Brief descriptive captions

****

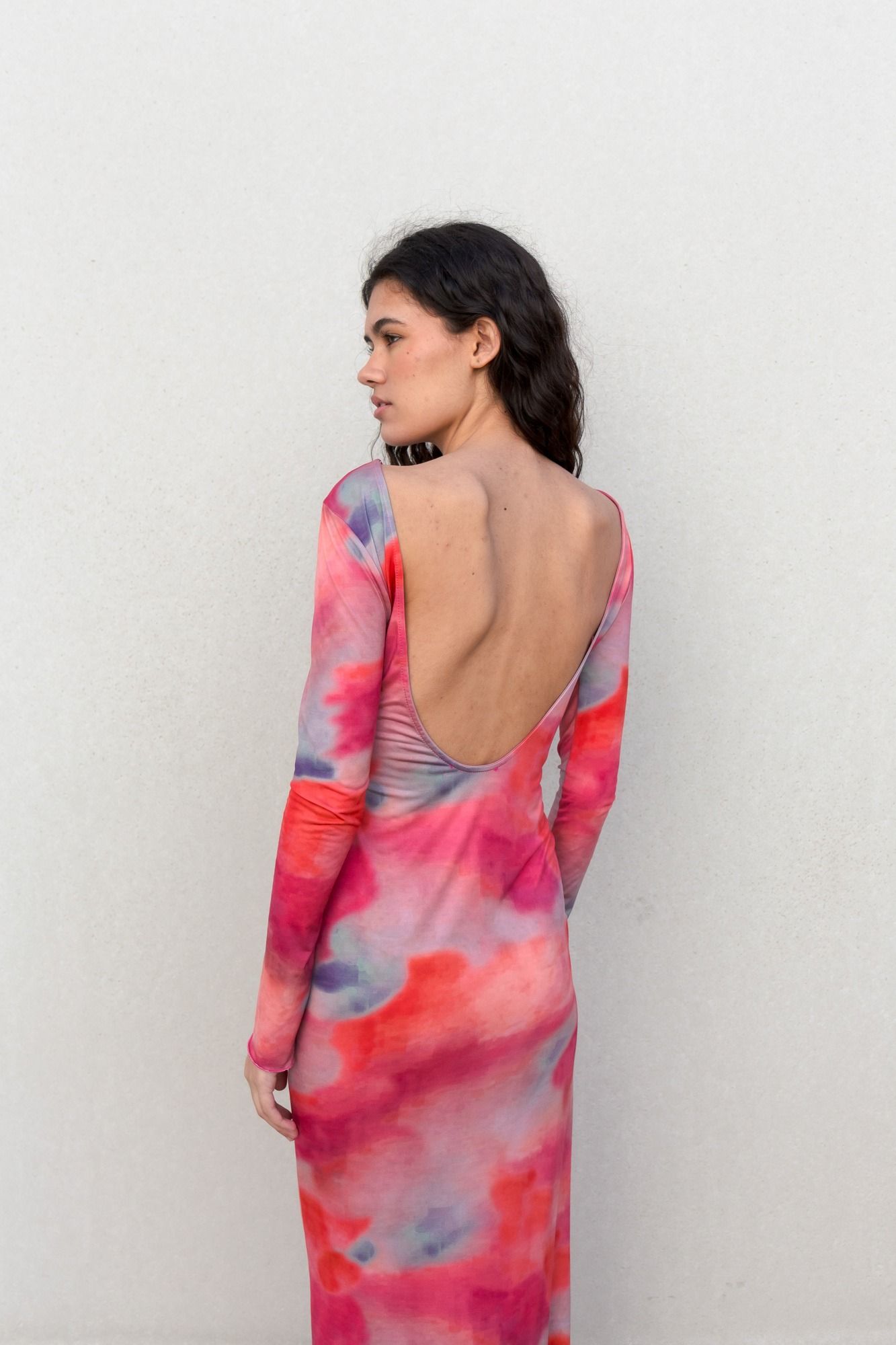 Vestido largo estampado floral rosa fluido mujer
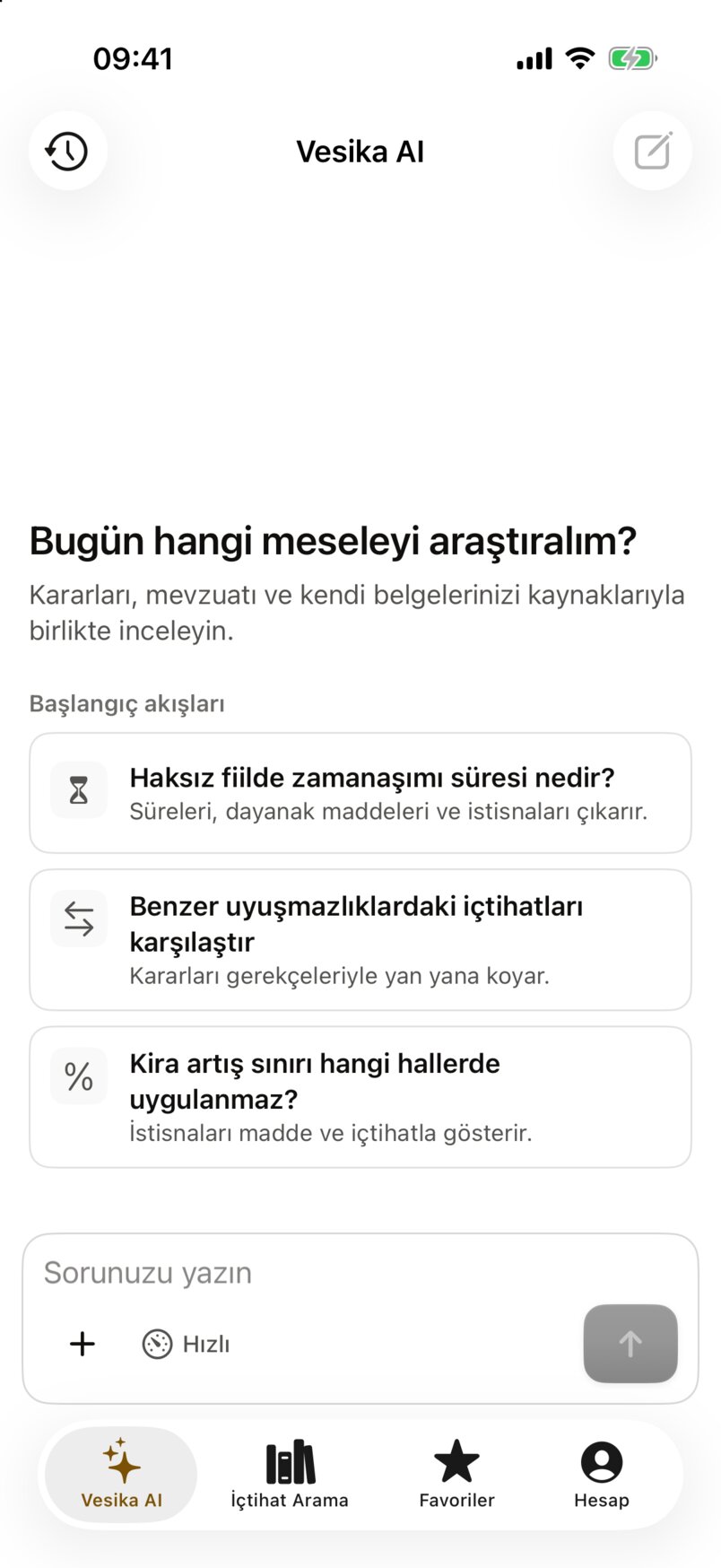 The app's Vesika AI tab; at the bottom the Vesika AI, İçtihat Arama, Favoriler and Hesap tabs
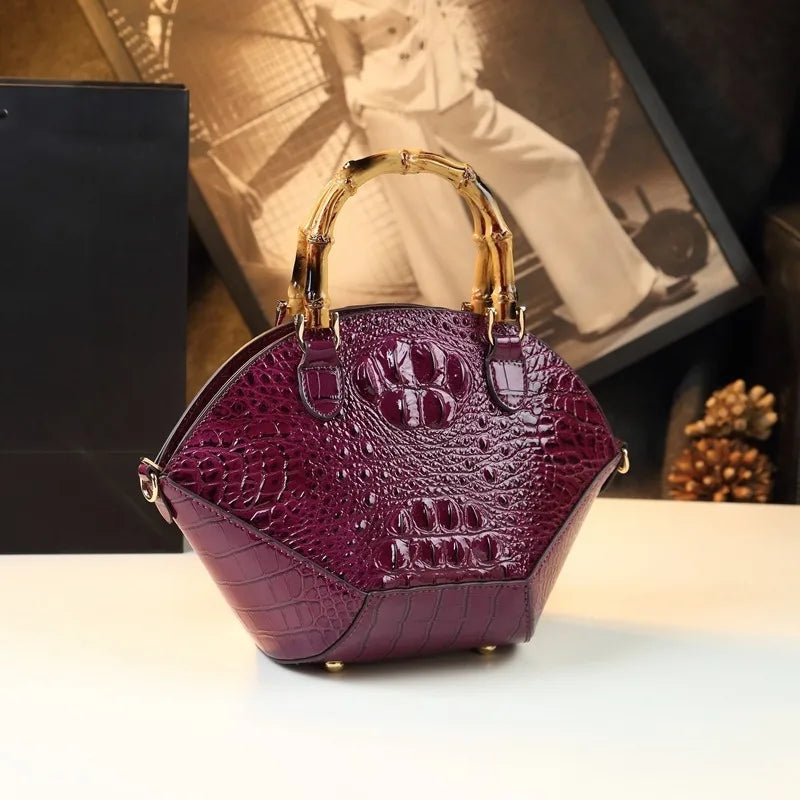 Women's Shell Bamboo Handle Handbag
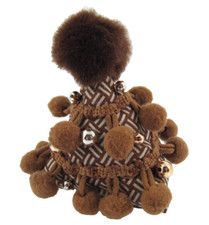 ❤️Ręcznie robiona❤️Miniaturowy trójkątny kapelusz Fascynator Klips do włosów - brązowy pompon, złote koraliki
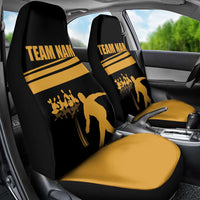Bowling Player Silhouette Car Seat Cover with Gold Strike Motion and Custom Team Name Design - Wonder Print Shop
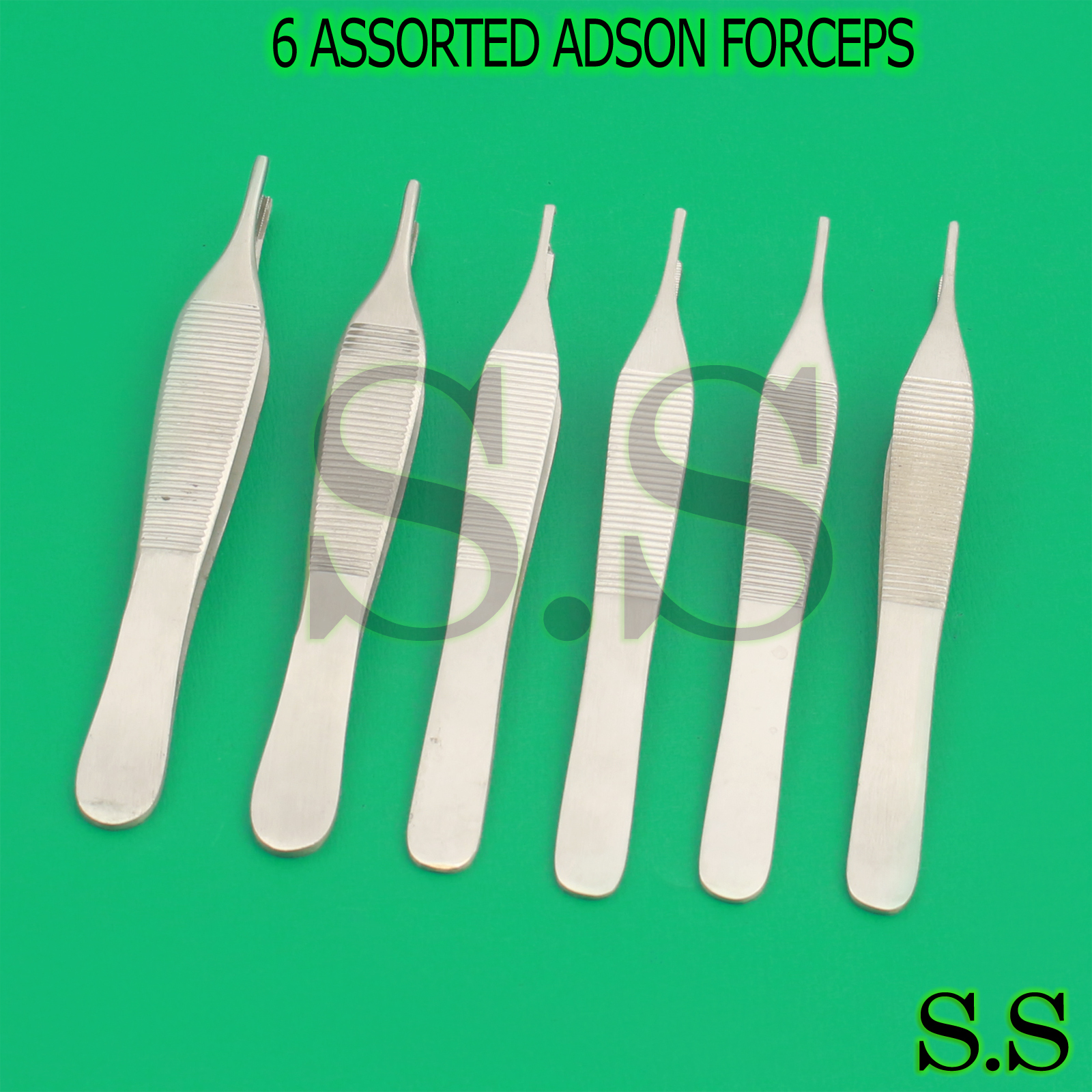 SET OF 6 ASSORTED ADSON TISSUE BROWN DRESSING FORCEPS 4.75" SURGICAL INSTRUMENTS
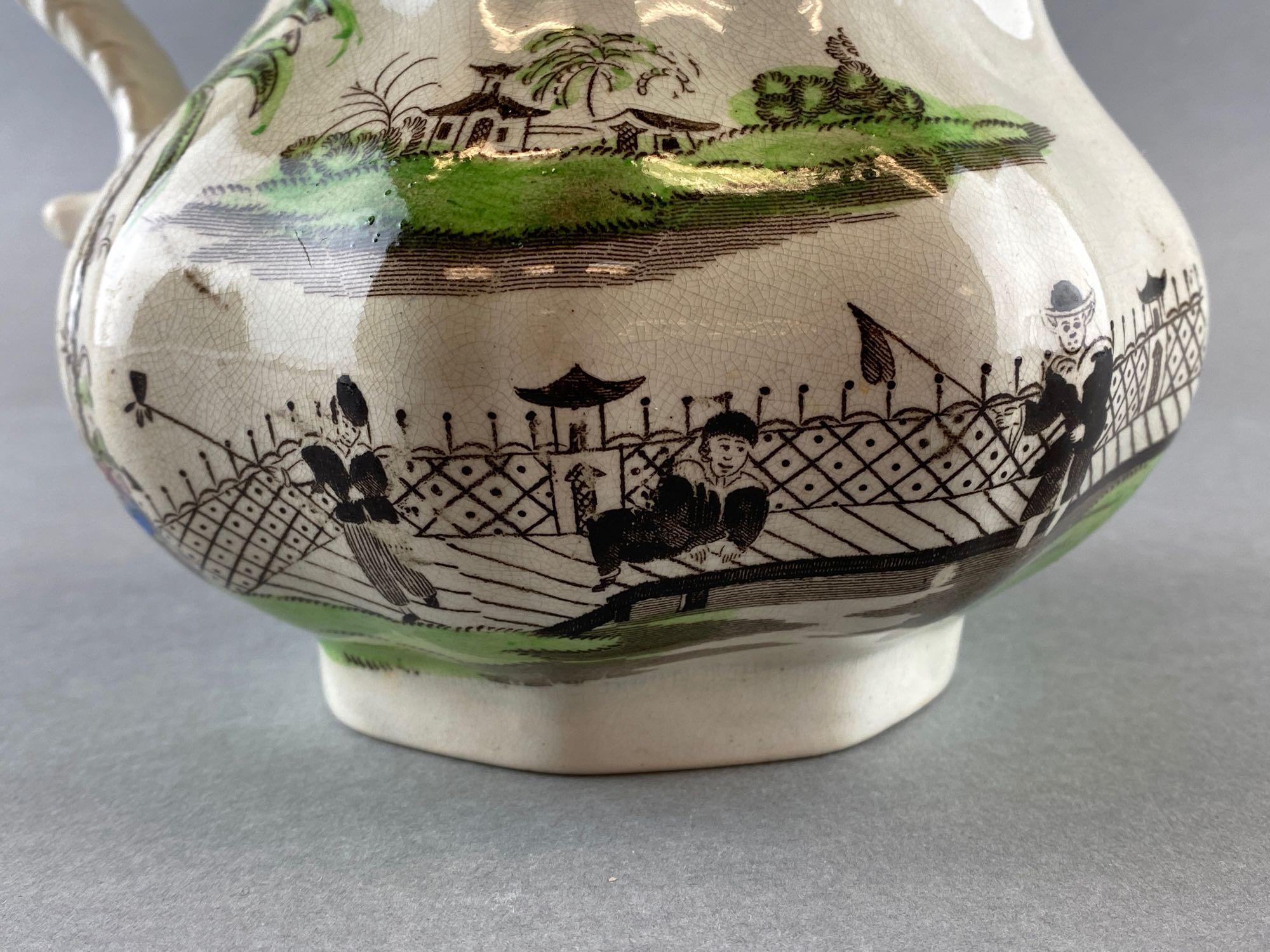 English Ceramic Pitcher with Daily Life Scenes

****

Action item
Give back word for word the lines from the one containing "The app's Vesika" through the final line of the data above. Pictures are to be left out.

Solution to the exercise
 The app's Vesika AI tab; at the bottom the Vesika AI, İçtihat Arama, Favoriler and Hesap tabs
 Women's Shell Bamboo Handle Handbag
 ❤️Ręcznie robiona❤️Miniaturowy trójkątny kapelusz Fascynator Klips do włosów - brązowy pompon, złote koraliki
Bowling Player Silhouette Car Seat Cover with Gold Strike Motion and Custom Team Name Design - Wonder Print Shop
 SET OF 6 ASSORTED ADSON TISSUE BROWN DRESSING FORCEPS 4.75" SURGICAL INSTRUMENTS
 English Ceramic Pitcher with Daily Life Scenes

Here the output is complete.